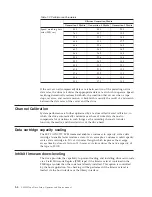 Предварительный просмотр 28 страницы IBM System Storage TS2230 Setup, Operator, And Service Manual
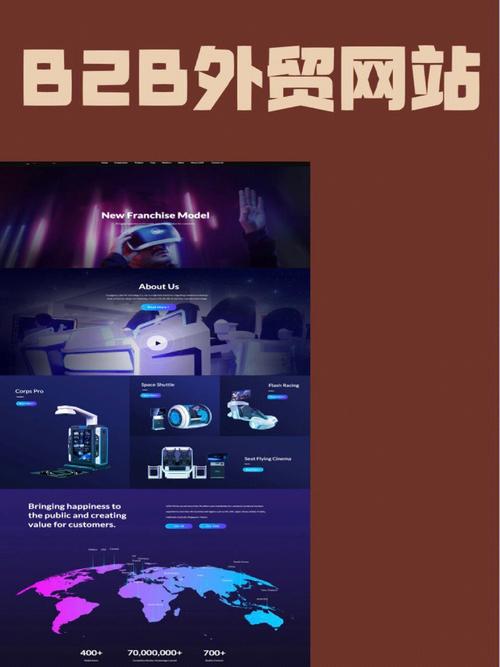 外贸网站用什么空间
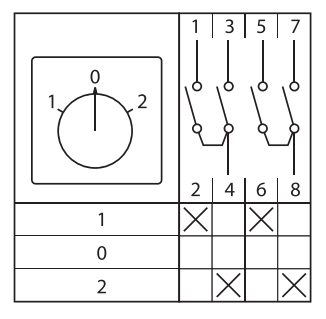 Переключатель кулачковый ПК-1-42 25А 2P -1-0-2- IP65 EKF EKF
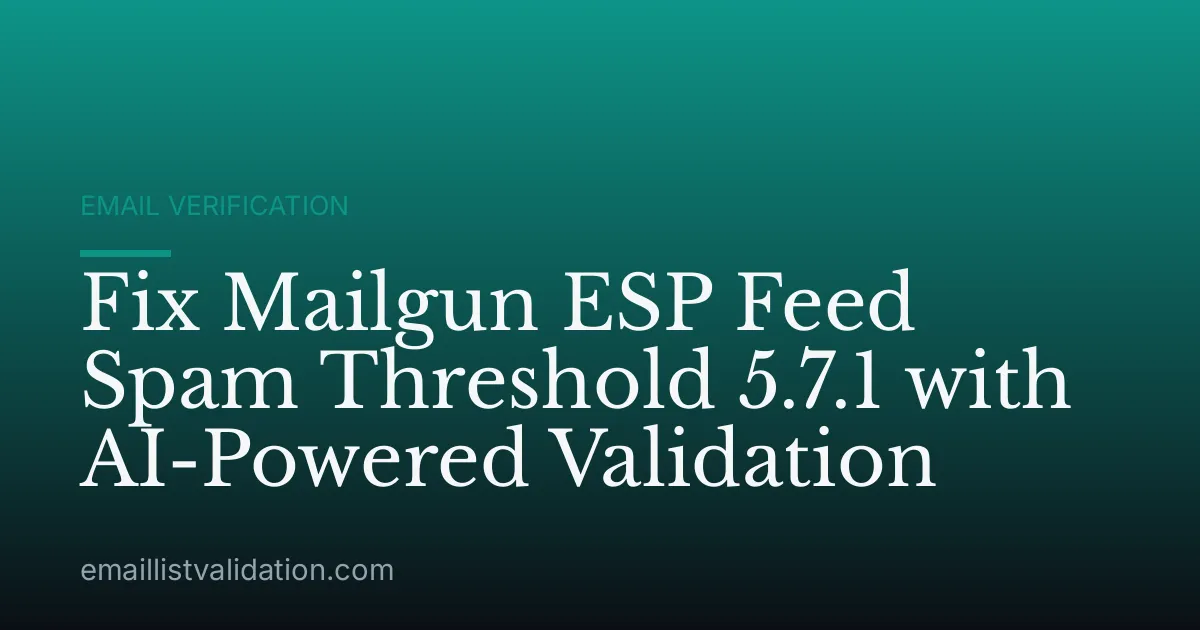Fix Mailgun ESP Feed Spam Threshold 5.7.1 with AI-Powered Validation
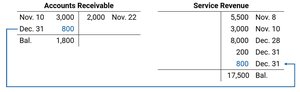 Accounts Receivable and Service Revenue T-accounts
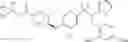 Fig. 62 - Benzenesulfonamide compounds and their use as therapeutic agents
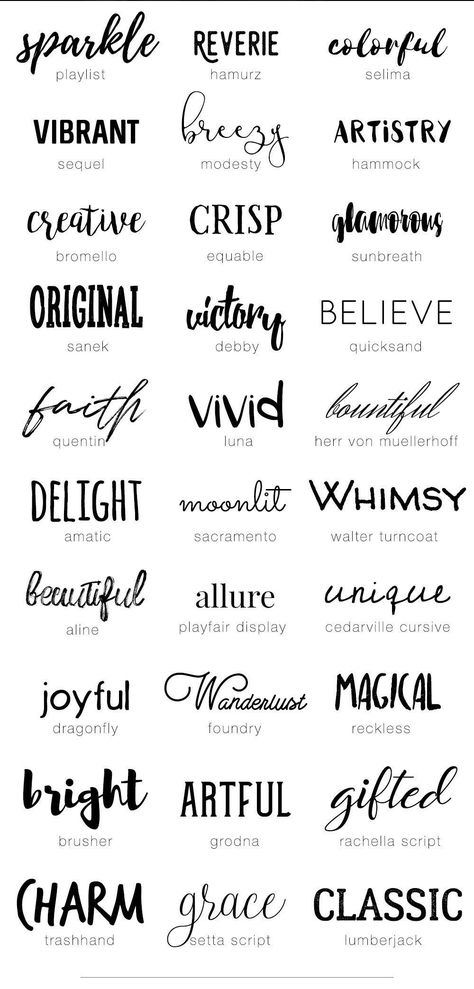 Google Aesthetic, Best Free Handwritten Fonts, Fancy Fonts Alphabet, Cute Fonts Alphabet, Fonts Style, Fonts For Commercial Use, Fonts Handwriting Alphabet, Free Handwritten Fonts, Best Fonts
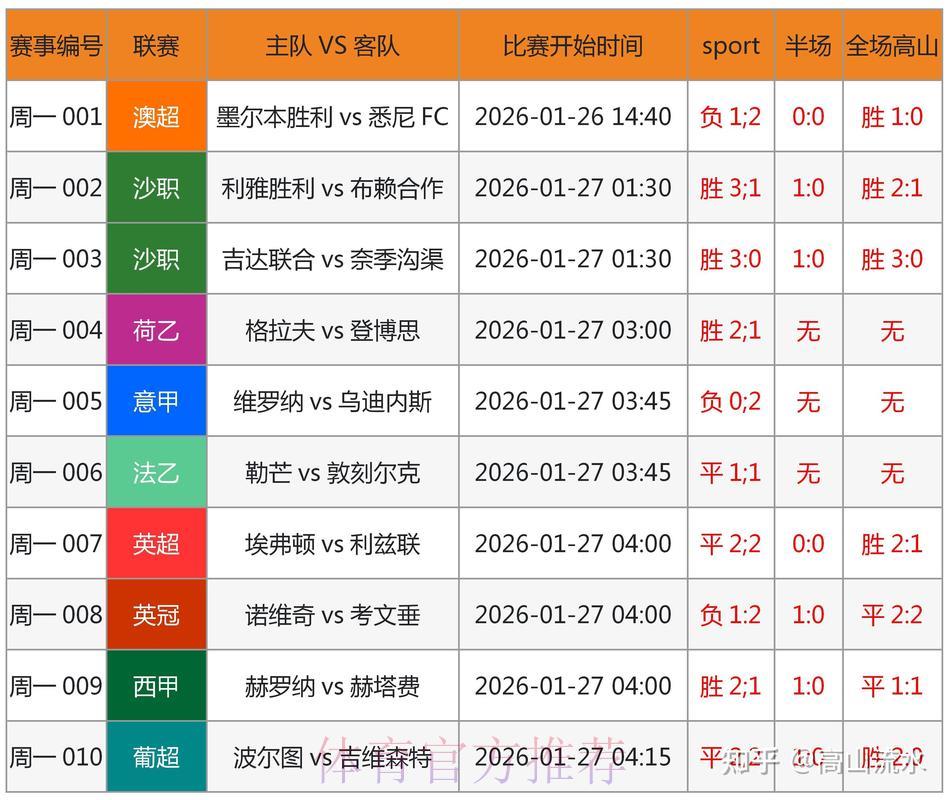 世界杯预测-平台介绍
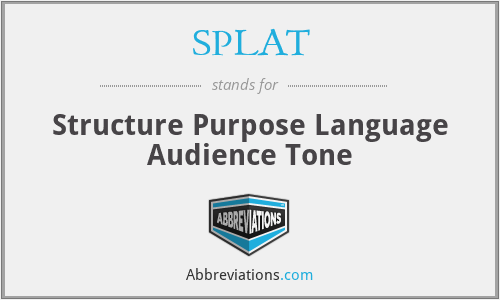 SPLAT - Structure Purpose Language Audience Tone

...

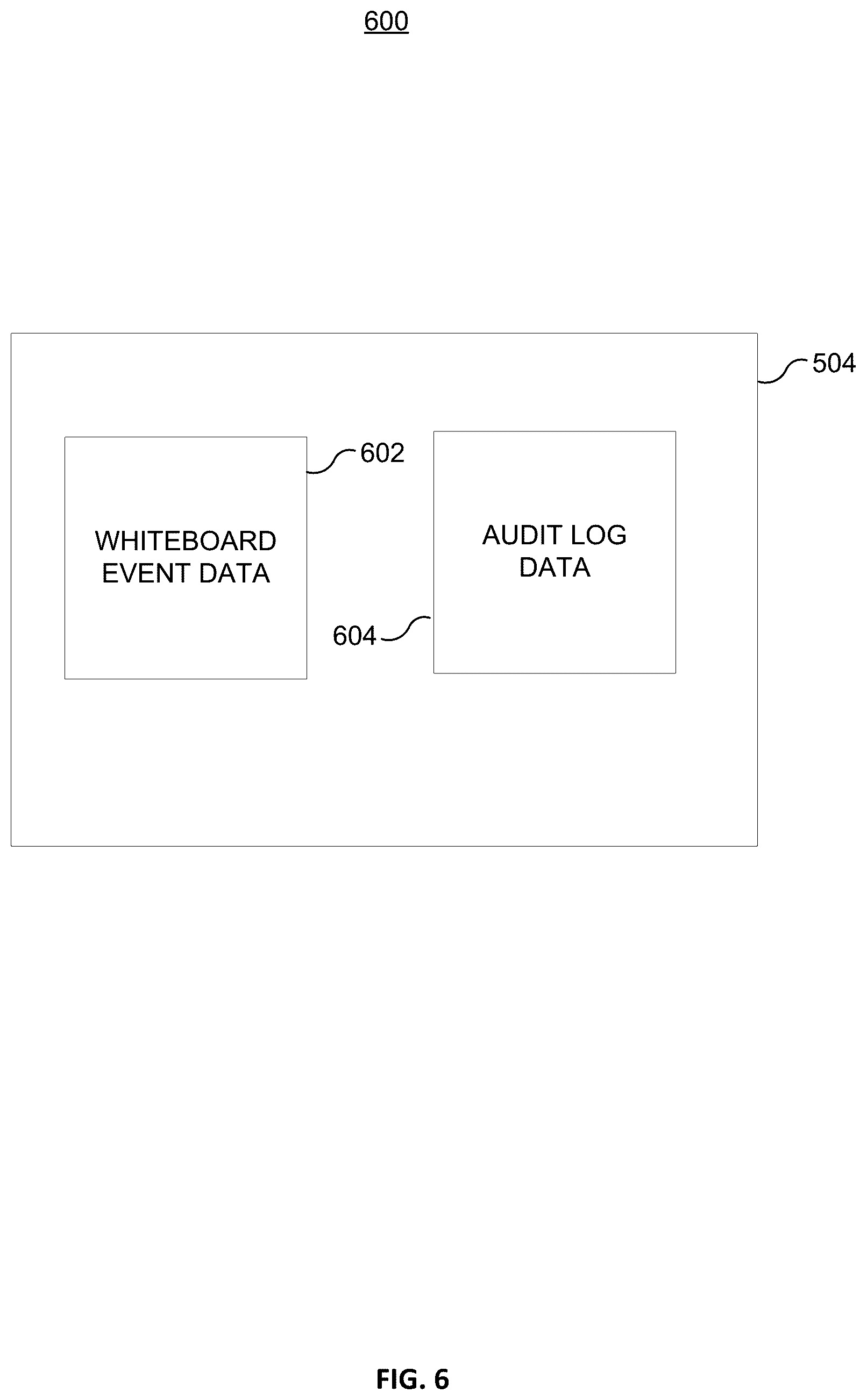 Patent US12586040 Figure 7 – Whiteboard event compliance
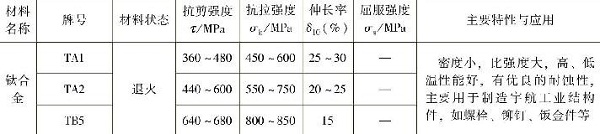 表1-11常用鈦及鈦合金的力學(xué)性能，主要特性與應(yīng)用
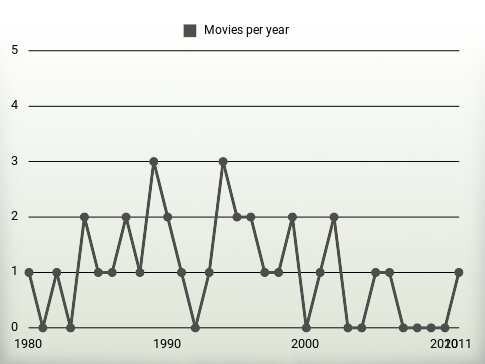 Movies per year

- **Exercise prompt**
Transcribe, exactly and without pictures, everything in the data from the line with "Google Aesthetic, Best" down to the line with "SPLAT - Structure", both included.

- **Task response**
 Google Aesthetic, Best Free Handwritten Fonts, Fancy Fonts Alphabet, Cute Fonts Alphabet, Fonts Style, Fonts For Commercial Use, Fonts Handwriting Alphabet, Free Handwritten Fonts, Best Fonts
 世界杯预测-平台介绍
 SPLAT - Structure Purpose Language Audience Tone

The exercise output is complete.